How useful are sanctions, really?
The question may appear trite, but once you start probing it seriously, you will find that few people in the West seem to know the answer, much less care about what it is. Sanctions can—and often do—go from being targeted and limited in scope to simply being maintained for their own sake like a self-licking ice-cream cone. The paradigm of economic sanctions barely needs any justification, even as the years drag on and proof of efficacy remains elusive.
In his recent book The Economic Weapon: The Rise of Sanctions as a Tool of Modern War, historian Nicholas Mulder lays out the sordid history of sanctions as a weapon of open warfare, with most of it focused on the period just before and between the two world wars. The upshot is that the League of Nations’ declaration of a sanctions policy after the Great War and use of the “economic weapon” in the interwar years may have sped up the outbreak of World War II, by impelling the Axis powers to act fast to avoid financial pain.
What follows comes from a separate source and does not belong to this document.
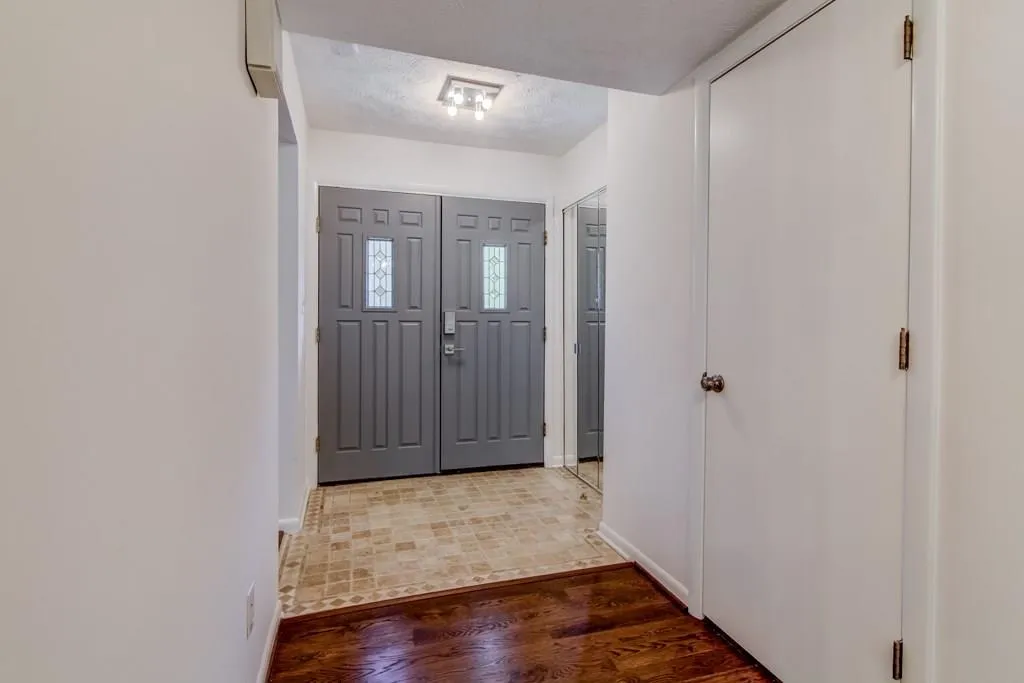 518 Sutters Point, Atlanta, Georgia 30328, 2 Bedrooms Bedrooms, ,2 BathroomsBathrooms,Residential,Sold,518 Sutters Point,5803298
The prospect of sanctions, Mulder also suggests, hardened the Axis’ economic defenses, pushing Germany and Japan to become more self-reliant economically.
Does this history have something to teach us today? Neither imperial Britain nor imperial Japan lived in a unipolar world, and their tools of (economic) warfare were developed and deployed in a time when the enemy was usually of peer strength. Today’s US-led sanctions regime reflect the confidence of the 1990s—when Russia was in a state of collapse and China wasn’t economically important. Yet as time passes, cracks are beginning to appear in the world system that the West has come to rely upon, making the interwar comparison rather more salient.